Jun 05

Education for Liberation: How Parents, Teachers, and Students Organize for Self-Emancipation

Description

"The struggle for educational access and equality has been at the heart of the Black freedom movement. From pre-K to college access, black people have fought to open the structures of education, secure equitable resources, and make the curriculum and teaching staff reflect the diversity of America. Black mothers and Black students have led the way. Join Professors Hasan Jeffries, Stefan Bradley, and Ujju Aggarwal for a discussion of their new work on Education for Liberation."

-- Jeanne Theoharris

Speakers

  • Ujju Aggarwal

    The New School for Social Research

    Ujju Aggarwal is an Assistant Professor of Anthropology and Experiential Learning in the Schools of Public Engagement and an affiliate faculty member in Global Studies and the Department of Anthropology.

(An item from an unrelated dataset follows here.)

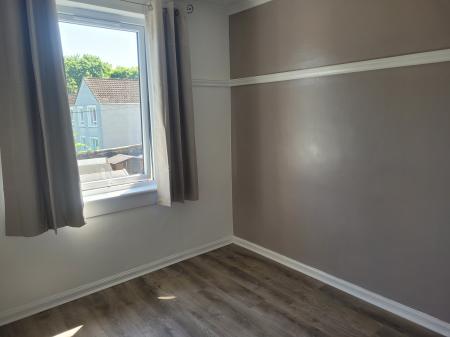 2 bedroom Flat to let in Bruce Street, Falkirk, FK2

Her research examines questions related to public infrastructures, urban space, racial capitalism, rights, gender, and the state.

    She is currently completing her first book, The Color of Choice: Raced Rights, the Structure of Citizenship, and Inequality in Education, a historically informed ethnography of choice as it emerged in the post-Civil Rights period in the United States. Her work has appeared in popular outlets, scholarly journals, and edited volumes including Transforming Anthropology, Scholar & Feminist Online, Educational Policy, and Feminists Rethink the Neoliberal State: Inequality, Exclusion, and Change. She is co-editor of What’s race got to do with it? How current school reform policy maintains racial and economic inequality.

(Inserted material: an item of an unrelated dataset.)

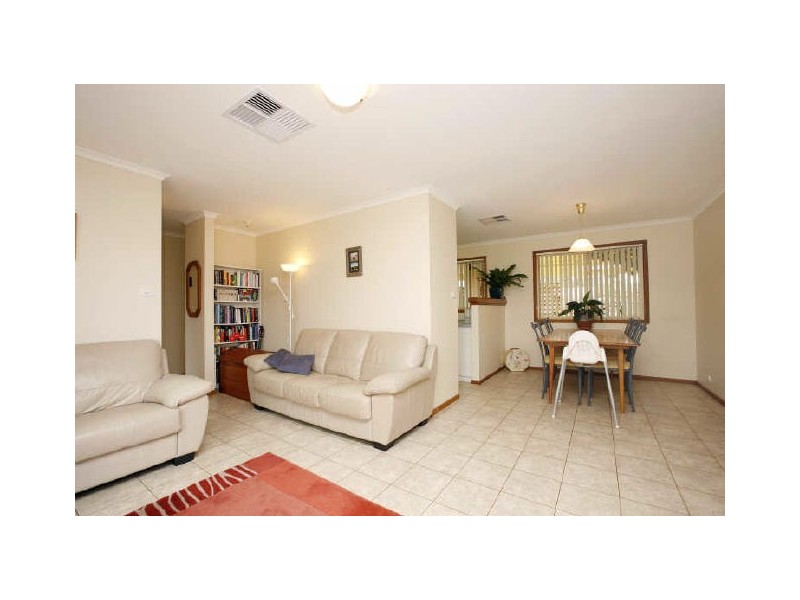 73 Harry Hopman Circuit, Gordon ACT 2906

    In addition to her academic training, Ujju also brings a long history of working to build local and national organizations that work for educational justice, immigrants’ rights, and transformative justice as well as projects that focus on the intersection of arts and social justice, popular education, and adult literacy.

  • Stefan Bradley

    St. Louis University

    Dr. Bradley teaches at Saint Louis University including courses in African American Youth Movements in the 20th Century and Civil Rights in America, 1865-1965. His primary research area is recent U.S. history with an emphasis on the African American experience. He is fascinated with the efforts and abilities of black college students to change not only their scholastic environments but also the communities that surrounded their institutions of higher learning. He is the author of Harlem vs. Columbia University: Black Student Power in the Late 1960s (Urbana: University of Illinois Press, 2009), Winner of the Phillis Wheatley Book Prize.

  • Hasan Kwame Jeffries

    Ohio State University

    Dr. Jeffries is Associate Professor of History at Ohio State University. He specializes in 20th century African American history and has an expertise in the Civil Rights and Black Power Movements. He is the author of the newly released Bloody Lowndes: Civil Rights and Black Power in Alabama’s Black Belt (New York University Press, 2009). Bloody Lowndes tells the remarkable story of the local people and SNCC organizers who ushered in the Black Power era by transforming rural Lowndes County, Alabama.